No. 341. Den 10 July 1769.
[Dat de Verzoekingen ten kwaade de menschen niet noedzaaken, om kwaad te zyn; maar aanspooringen en gelegenheden zyn tot deugd, in deezen tegenwoordigen staat van beproeving aangetoond, ter beschaaming der Bedillers van de Goddelyke Voorzienigheid.]
Nunc vero venio ad gravissimam querelam.
Cicero,
Niets is algemeener dan de Menschen te onvrede te vinden over hun lot op deeze Waereld.
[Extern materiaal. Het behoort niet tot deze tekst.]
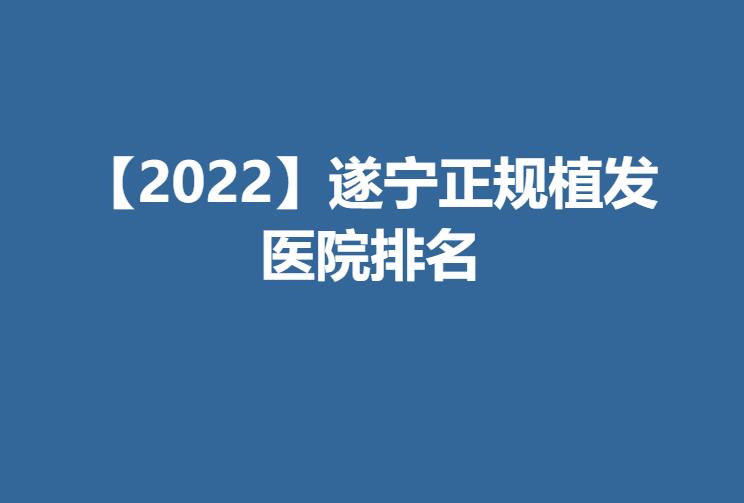 【2022】遂宁正规植发医院排名.jpg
Ik zal niet handelen van hunne Onvergenoegzaamheid, ten aanzien van hunne tydlyke omstandigheden; maar thans het oog vestigen op eene te Onvredenheid van hooger inzigt, die hunnen Zedelyken Staat betreft.
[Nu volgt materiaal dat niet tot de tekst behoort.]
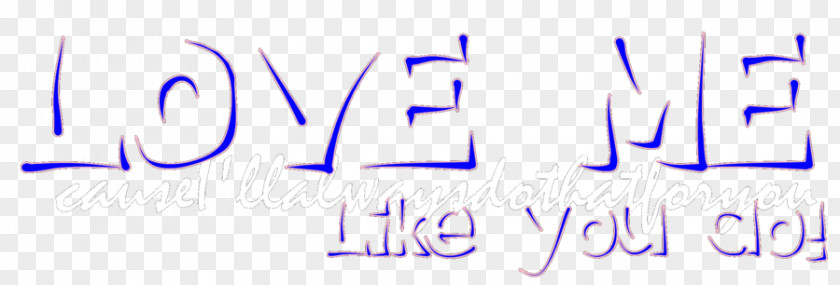 Love Me Like You Do Handwriting Logo Brand Line Font PNG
Menschen, die dit leven als een staat van Beproeving en Voorbereiding tot eenen toekomenden staat van Belooning of Straffe aanzien, gelyk het waarlyk is, volgens de voorschriften der gezonde Reden, gestaaft door het Godlyk en onwraakbaar gezag der Openbaa- | |
| |
ring, hoort men niet zelden klaagen over de veelvuldigheid der Gelegenheden en verzoekingen ten Kwaade. - Het zou dwaasheid en tevens eene tastbare onwaarheid weezen te ontkennen, dat 'er veelvuldige gelegenheden en verzoekingen ten kwaade ons voorkomen, zy omringen ons aan alle kanten, in alle omstandigheden, en staaten deezes levens; niemand is 'er schoolvry voor, zo lang hy op deeze aarde omwandelt; dan men zou, uit de algemeenheid, de grootheid, en aanhoudenheid der klagten, deswegen uitgestort, welhaast tot het denkbeeld komen, als of het lot der Stervelingen zo ongelukkig ware, dat zy geene Gelegenheden, geene Aanspooringen ten Goede in 't geheel hadden. - Naargeestigheid, die het gansche gelaat der Natuure met een akelig floers overdekt, moge zich toegeeven in het koesteren van dusdanige begrippen. De verwaatene Vyand van den Godsdienst moge dit toestaan en met de sterkste trekken afschilderen, om 'er gelegenheid uit te raapen tot het stout bedillen van de schikkingen der hoogstwyze Voorzienigheid. Hy, die zo gelukkig is van eene vrolyker geaartheid te bezitten, welken aan alles wat hem omringt een blyder aanzien geeft; die eenen redelyken Godsdienst bemint en voorstaat, zal wel verre weezen van deeze Waereld te beschouwen als een jammer-hol, dat ik my dus uitdrukke, waarin niets dan Kwaad en Verzoeking tot Ondeugd gevonden wordt - Myne Leezers veroorlooven my thans, deeze ernstige stoffe wat dieper in te zien, en, te overweeg en of wy geene veelvuldige Gelegenheden en Aanspooringen ten Goede ontmoeten.
Dat ze 'er zyn te bewyzen, mag voor overtollig gerekend worden, daar de Ondervinding het dagelyks leert; doch derzelver veelvuldigheid is een stuk, zo gereed niet toegestaan, en dit deezen aan te toonen myne hoofdzaak tegenwoordig.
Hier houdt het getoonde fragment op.